▶ [WORK REQUEST]:
Skip the pictures. Transcribe the rest of the data below without changing a word.

==============================

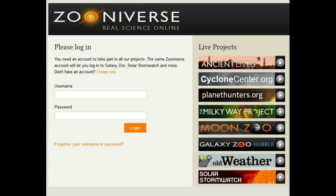I'll put a link to this page if you want to create an account and just mess around in there. It's a lot of fun and it's interesting. They're constantly putting up new data and creating new projects, so if you're into science and you actually want to help and make a difference, there you go — enjoy.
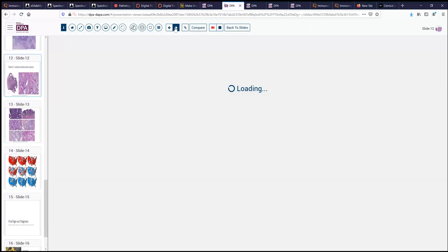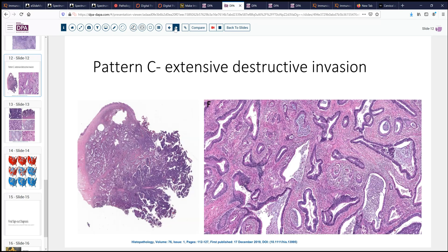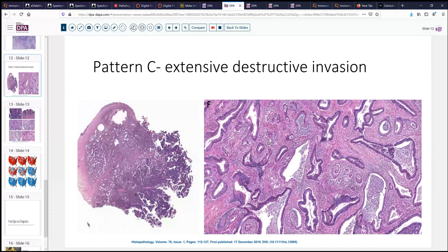Pattern C is the further extreme of what we saw with pattern B, where it's more diffuse. There's extensive destructive invasion, extensive single fragmented glands, angulation of the glands, and a pattern of stromal response and inflammation that is more extreme than pattern B. Although it's somewhat subjective to say limited versus extensive, usually that's not a huge problem because it's a fairly established feature.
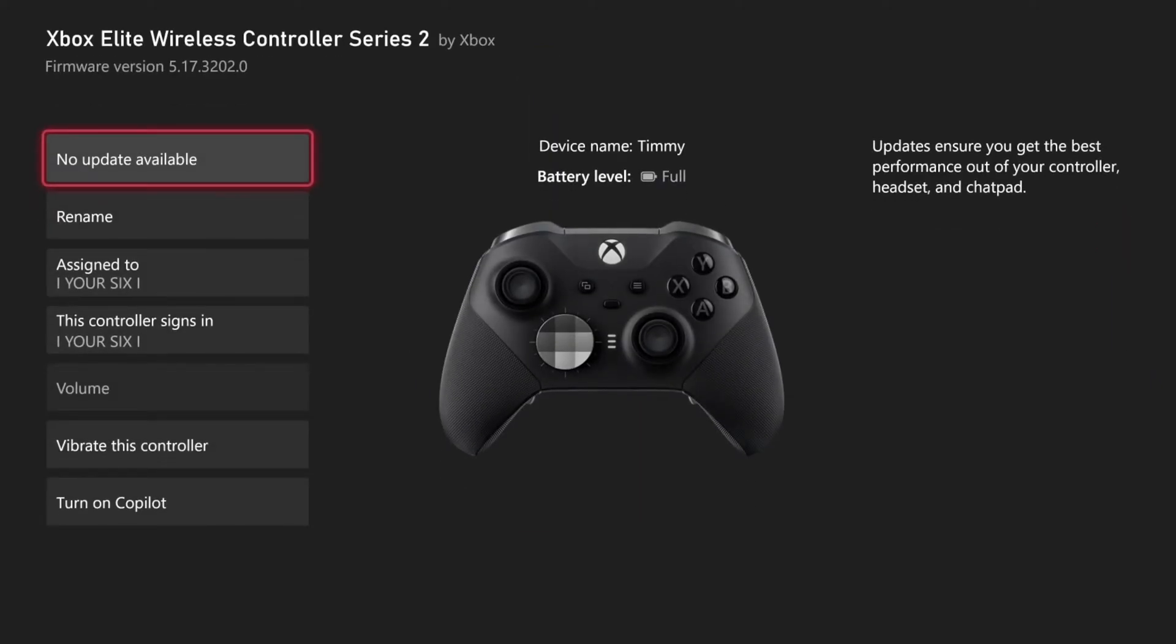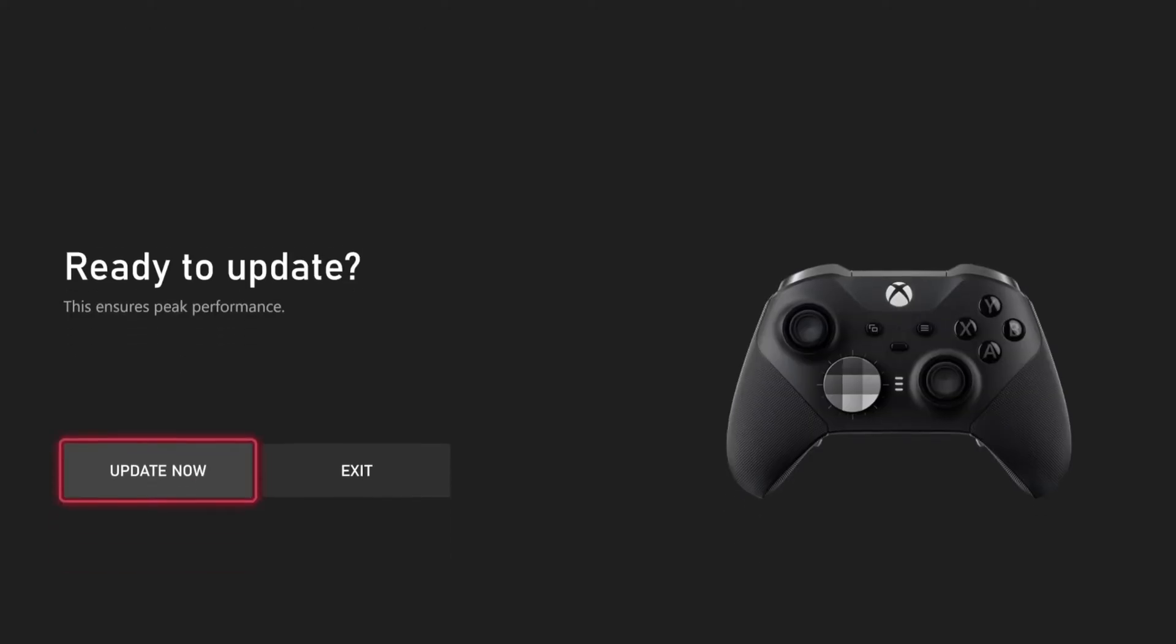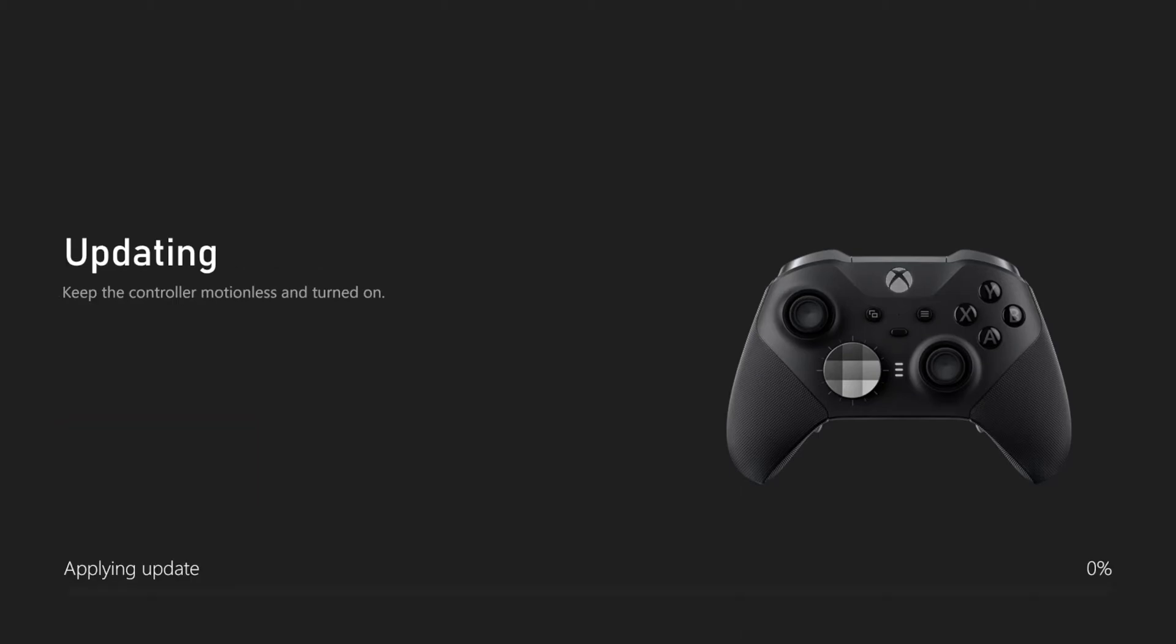Then on the top left, it says no updates available. We can go ahead and select this. And then we will have the option to update now. So if there is an update, you can apply a fresh copy of the update to your controller.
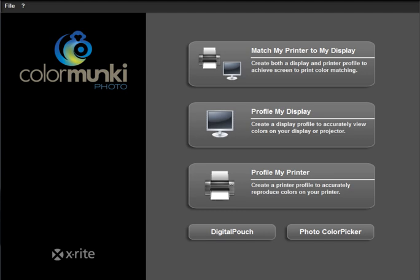Welcome everybody. X-Rite was kind enough to lend me a ColorMunki photo device to try out, so I thought I'd do a video showing you how to create printer profiles using this device. What I love about it is that the software is very easy to use and the process is very straightforward.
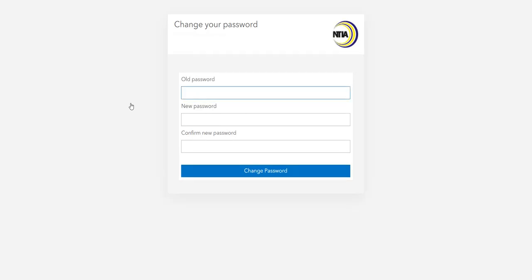Here, you will be prompted to specify your old password and input your new password twice to confirm it. Please note that your new password must adhere to the NBAM password requirements.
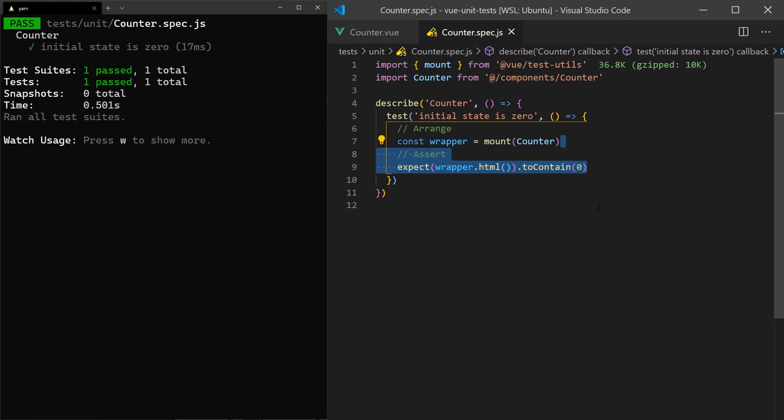Instead, we should write tests that assert the component's public interface and treat it as an internal black box. A single test case would assert that some input provided to the component results in the expected output.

==============================

▶ [EXERCISE OUTPUT]:
I'll put a link to this page if you want to create an account and just mess around in there. It's a lot of fun and it's interesting. They're constantly putting up new data and creating new projects, so if you're into science and you actually want to help and make a difference, there you go — enjoy.
Pattern C is the further extreme of what we saw with pattern B, where it's more diffuse. There's extensive destructive invasion, extensive single fragmented glands, angulation of the glands, and a pattern of stromal response and inflammation that is more extreme than pattern B. Although it's somewhat subjective to say limited versus extensive, usually that's not a huge problem because it's a fairly established feature.
Then on the top left, it says no updates available. We can go ahead and select this. And then we will have the option to update now. So if there is an update, you can apply a fresh copy of the update to your controller.
Welcome everybody. X-Rite was kind enough to lend me a ColorMunki photo device to try out, so I thought I'd do a video showing you how to create printer profiles using this device. What I love about it is that the software is very easy to use and the process is very straightforward.
Here, you will be prompted to specify your old password and input your new password twice to confirm it. Please note that your new password must adhere to the NBAM password requirements.
Instead, we should write tests that assert the component's public interface and treat it as an internal black box. A single test case would assert that some input provided to the component results in the expected output.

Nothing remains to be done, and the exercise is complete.